Sheryl Sandberg, Forbes
“Confidence and leadership are muscles. You learn to use them or you learn not to. If you are afraid to speak up at a meeting, every time you force yourself to do it, you get better at it. If you’re afraid to take your seat at the table, every time you take your seat at the table and you realize no one tells you to go get back to the back row, you learn to do it.”
Danielle Brooks, People
"Sometimes I don’t like what I see, but I have the power to change the way in which I relate to my body both physically and mentally."

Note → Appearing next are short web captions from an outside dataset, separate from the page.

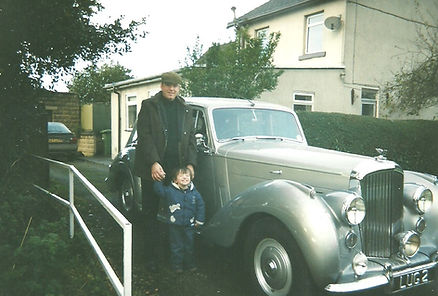 Alan Whicker CBE Bentley LUG2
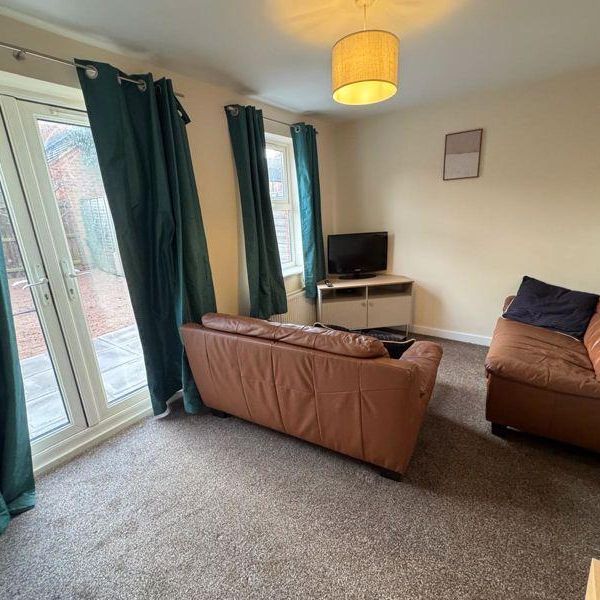 4 bedroom house to rent - Photo 1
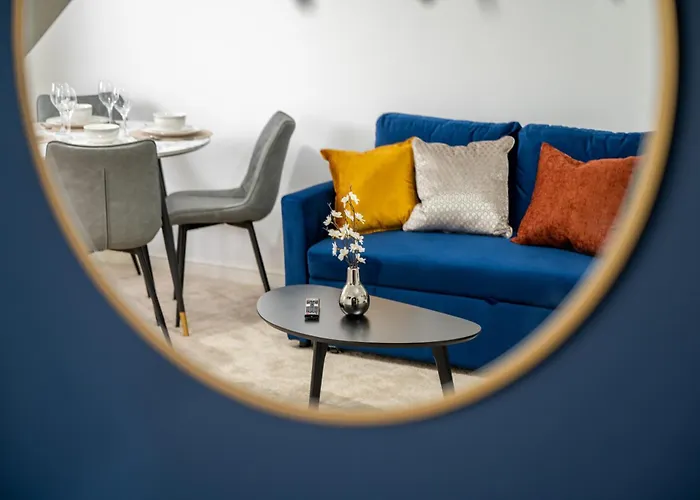 Modern 2 Bed With Driveway Near Coop Live & Etihad Stadium , Sleeps 5 , Self Checkin And Free Parking * マンチェスター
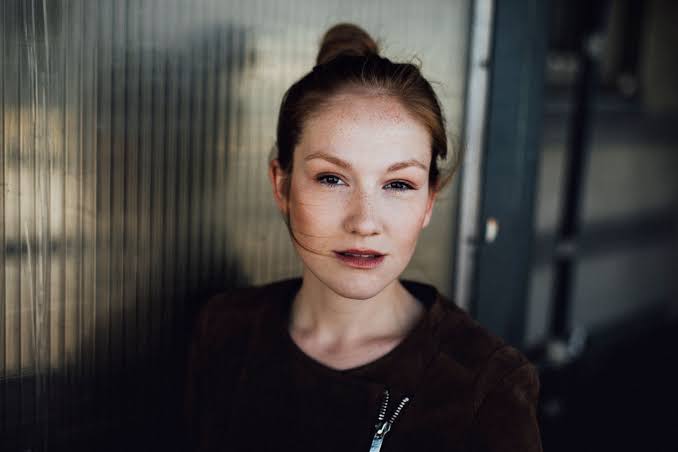 Michelle von Treuberg - Biography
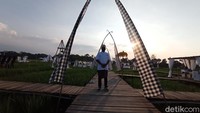 Tak hanya itu, pengunjung juga bisa menikmati keindahan senja. Sensasi yang begitu luar biasa. Rasanya bak menikmati senja di Ubud, Bali. (Sudirman Wamad/detikTravel)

Iskra Lawrence, via Instagram
"I hope when you see what looks like perfect flawless images of [people] online you don't not ever feel insecure or less beautiful, because it's not real. What's real is you, and you are good enough cus those 'flaws' make you completely unique."
Fearne Cotton, SugarScape
"There’s always something you’re allowed to be thankful for, and if you remember that then the bad things become a lot smaller. I would say that that is probably the best way to feel confident about yourself – be grateful and happy for your lot."
Jennifer Lopez, InStyle
“My mom and my grandmother were the ones who drilled into me, ‘This is how we are, and this is what’s beautiful,’” she said. “Being curvy or not being 6-feet tall was never a bad thing; it was actually something that was celebrated. And so, later on, when I brought that in front of the world, I wasn’t really trying to send a message. I was just being myself.”